• **TASK TO COMPLETE**:
Examine each line of the data, and copy the ones containing "Green".

[Crawled caption data]
Segment Open
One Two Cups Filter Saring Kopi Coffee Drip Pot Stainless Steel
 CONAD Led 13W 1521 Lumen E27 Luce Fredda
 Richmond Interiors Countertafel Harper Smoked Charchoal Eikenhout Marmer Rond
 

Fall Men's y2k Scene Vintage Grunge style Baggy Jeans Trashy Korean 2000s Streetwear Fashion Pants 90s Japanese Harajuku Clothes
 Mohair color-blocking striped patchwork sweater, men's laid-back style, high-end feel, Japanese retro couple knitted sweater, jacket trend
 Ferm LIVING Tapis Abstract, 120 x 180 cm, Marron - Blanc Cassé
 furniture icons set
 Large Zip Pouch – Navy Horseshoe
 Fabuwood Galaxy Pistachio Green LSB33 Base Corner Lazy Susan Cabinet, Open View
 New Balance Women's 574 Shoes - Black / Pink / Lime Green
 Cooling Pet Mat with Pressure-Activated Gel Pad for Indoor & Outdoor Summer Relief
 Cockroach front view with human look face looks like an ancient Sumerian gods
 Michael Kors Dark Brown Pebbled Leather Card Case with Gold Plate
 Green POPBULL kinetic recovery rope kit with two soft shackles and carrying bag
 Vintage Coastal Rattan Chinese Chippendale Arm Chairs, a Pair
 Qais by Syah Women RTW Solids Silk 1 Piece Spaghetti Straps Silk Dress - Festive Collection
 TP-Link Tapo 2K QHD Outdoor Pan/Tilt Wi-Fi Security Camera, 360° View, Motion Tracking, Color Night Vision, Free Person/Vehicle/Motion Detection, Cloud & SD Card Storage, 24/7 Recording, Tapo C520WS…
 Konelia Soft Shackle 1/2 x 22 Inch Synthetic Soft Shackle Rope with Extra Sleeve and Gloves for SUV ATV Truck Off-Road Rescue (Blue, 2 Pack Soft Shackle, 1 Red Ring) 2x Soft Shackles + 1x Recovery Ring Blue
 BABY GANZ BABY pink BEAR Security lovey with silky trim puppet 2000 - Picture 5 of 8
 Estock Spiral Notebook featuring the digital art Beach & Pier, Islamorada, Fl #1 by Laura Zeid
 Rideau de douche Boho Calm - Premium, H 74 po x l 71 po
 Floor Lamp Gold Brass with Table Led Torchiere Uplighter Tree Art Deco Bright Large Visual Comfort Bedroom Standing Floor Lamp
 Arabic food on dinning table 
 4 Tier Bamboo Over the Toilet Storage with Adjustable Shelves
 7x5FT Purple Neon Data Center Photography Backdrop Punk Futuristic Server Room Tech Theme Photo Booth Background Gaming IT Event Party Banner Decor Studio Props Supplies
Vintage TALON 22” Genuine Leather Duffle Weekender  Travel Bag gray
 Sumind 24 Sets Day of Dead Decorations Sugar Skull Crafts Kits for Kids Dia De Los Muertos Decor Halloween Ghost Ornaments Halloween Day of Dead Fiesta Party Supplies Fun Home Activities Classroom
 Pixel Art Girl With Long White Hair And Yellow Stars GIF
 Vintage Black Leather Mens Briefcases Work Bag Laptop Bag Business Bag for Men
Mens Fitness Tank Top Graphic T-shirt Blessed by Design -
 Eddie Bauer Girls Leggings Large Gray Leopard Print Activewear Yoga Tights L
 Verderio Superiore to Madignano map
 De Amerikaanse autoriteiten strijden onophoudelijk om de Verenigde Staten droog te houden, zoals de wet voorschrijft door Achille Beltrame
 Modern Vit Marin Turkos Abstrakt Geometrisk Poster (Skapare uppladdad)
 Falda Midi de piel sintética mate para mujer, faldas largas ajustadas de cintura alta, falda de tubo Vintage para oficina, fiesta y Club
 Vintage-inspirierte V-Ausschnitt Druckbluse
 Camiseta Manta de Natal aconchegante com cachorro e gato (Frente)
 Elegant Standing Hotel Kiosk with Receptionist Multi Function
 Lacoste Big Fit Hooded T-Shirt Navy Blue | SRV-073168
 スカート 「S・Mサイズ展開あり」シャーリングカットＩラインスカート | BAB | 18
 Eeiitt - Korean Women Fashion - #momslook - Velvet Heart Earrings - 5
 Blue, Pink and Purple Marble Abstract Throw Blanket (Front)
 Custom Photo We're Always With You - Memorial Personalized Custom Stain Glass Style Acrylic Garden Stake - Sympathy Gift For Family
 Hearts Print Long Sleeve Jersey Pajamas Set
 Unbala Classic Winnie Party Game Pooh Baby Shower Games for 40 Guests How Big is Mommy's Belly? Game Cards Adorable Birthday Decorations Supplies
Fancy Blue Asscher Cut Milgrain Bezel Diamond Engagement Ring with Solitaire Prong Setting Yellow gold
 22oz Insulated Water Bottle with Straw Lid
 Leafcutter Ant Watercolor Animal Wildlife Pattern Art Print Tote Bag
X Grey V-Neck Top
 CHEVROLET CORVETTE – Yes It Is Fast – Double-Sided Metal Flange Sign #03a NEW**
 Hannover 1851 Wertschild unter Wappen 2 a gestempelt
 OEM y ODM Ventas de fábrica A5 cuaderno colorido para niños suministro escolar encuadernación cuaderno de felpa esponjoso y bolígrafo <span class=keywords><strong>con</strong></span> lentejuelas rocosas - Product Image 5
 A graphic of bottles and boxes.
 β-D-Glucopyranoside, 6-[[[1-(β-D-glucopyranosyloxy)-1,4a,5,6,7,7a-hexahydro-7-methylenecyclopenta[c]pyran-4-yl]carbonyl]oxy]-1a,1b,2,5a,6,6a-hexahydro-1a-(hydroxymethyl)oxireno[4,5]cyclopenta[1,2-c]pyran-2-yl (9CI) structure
Segment Closed
• **TASK SOLUTION**:
 Fabuwood Galaxy Pistachio Green LSB33 Base Corner Lazy Susan Cabinet, Open View
 New Balance Women's 574 Shoes - Black / Pink / Lime Green
 Green POPBULL kinetic recovery rope kit with two soft shackles and carrying bag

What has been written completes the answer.